> _Problem description_
Repeat everything from the first line of the listing below through the line that contains "Cheaper Shipping Professional", exactly. Leave out pictures.

> _Material provided_
-- Opening Marker --
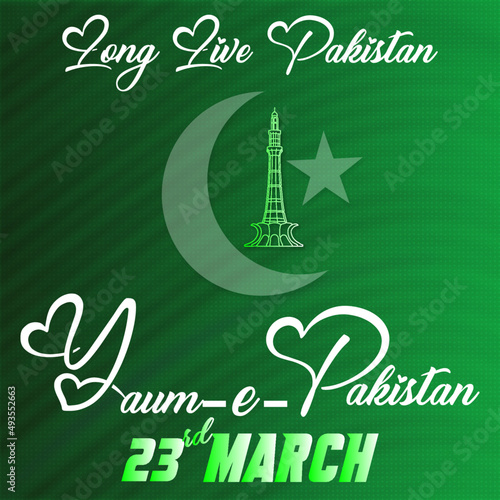 Clebration of 23 March Pakistan Resolution day Youm-e-Pakistan with Pakistani Landmark Minar-e-Pakistan photo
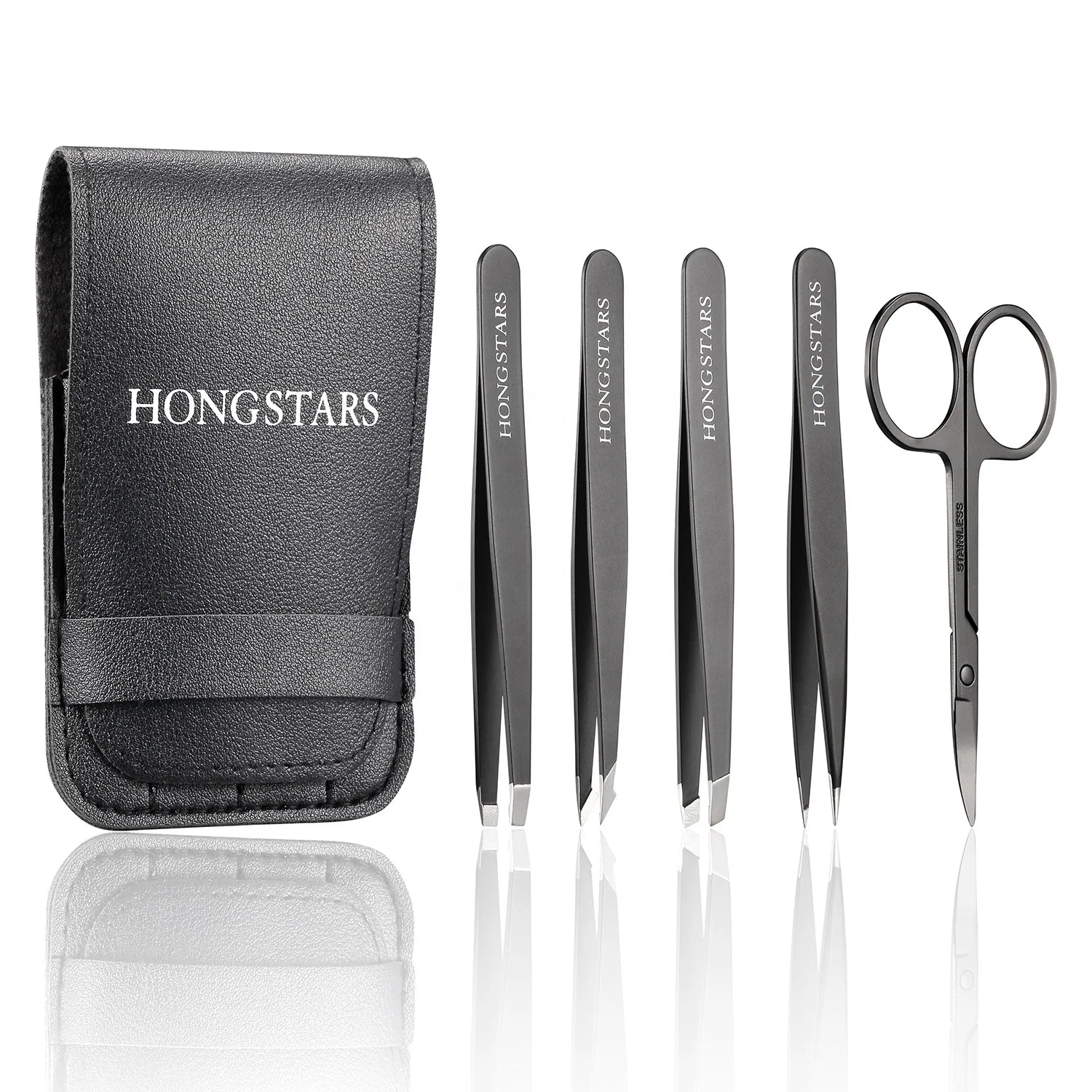Cheaper Shipping Professional Stainless Steel Slanted Volume Eyelash Tweezers Private Label Eyebrow Grooming Tweezer Set 5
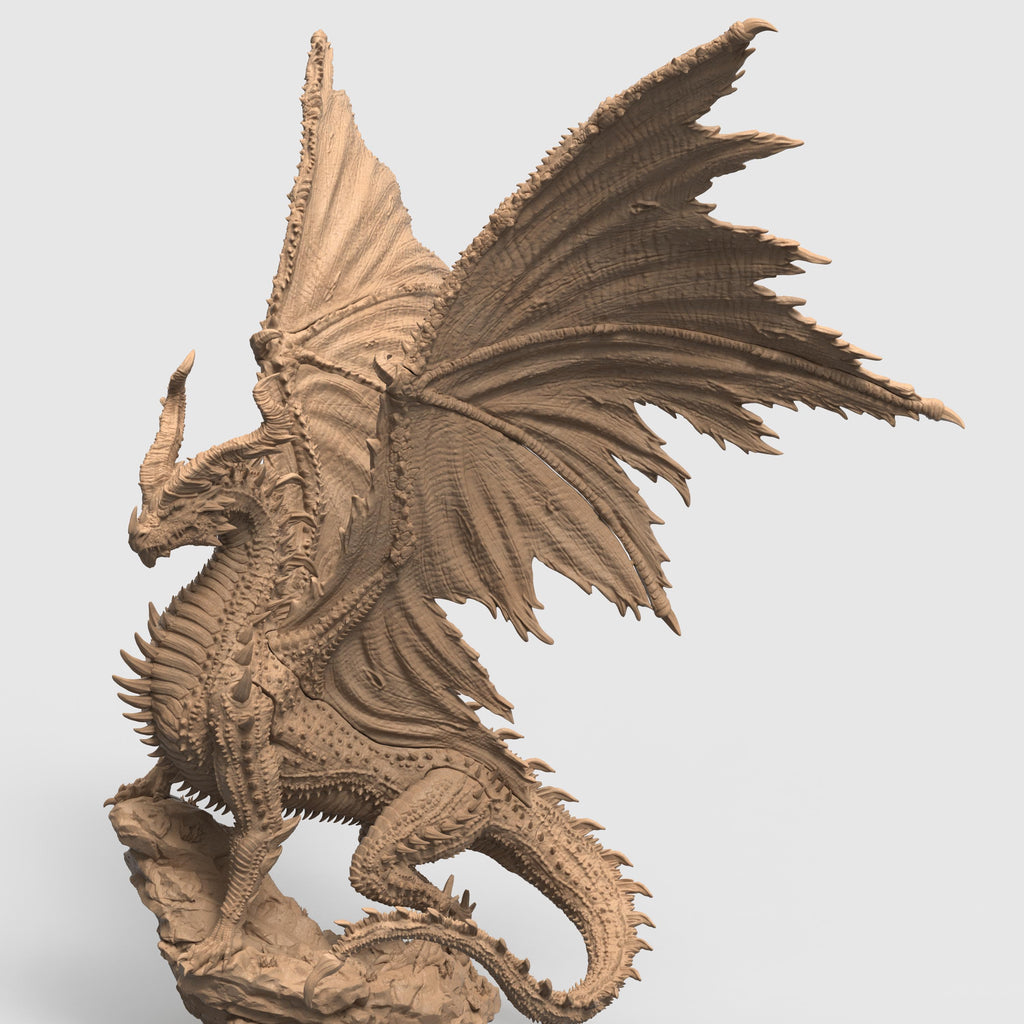 Highly detailed 3D-printed miniature of a Black Ancient Dragon perched atop jagged rocky terrain. The dragon features menacing horns, sharp spines along its body, and expansive, tattered wings spread wide in a dominant pose. Sculpted with fine textures, including intricate scales and a fierce, snarling expression.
-- Closing Marker --
> _Reply_
 Clebration of 23 March Pakistan Resolution day Youm-e-Pakistan with Pakistani Landmark Minar-e-Pakistan photo
Cheaper Shipping Professional Stainless Steel Slanted Volume Eyelash Tweezers Private Label Eyebrow Grooming Tweezer Set 5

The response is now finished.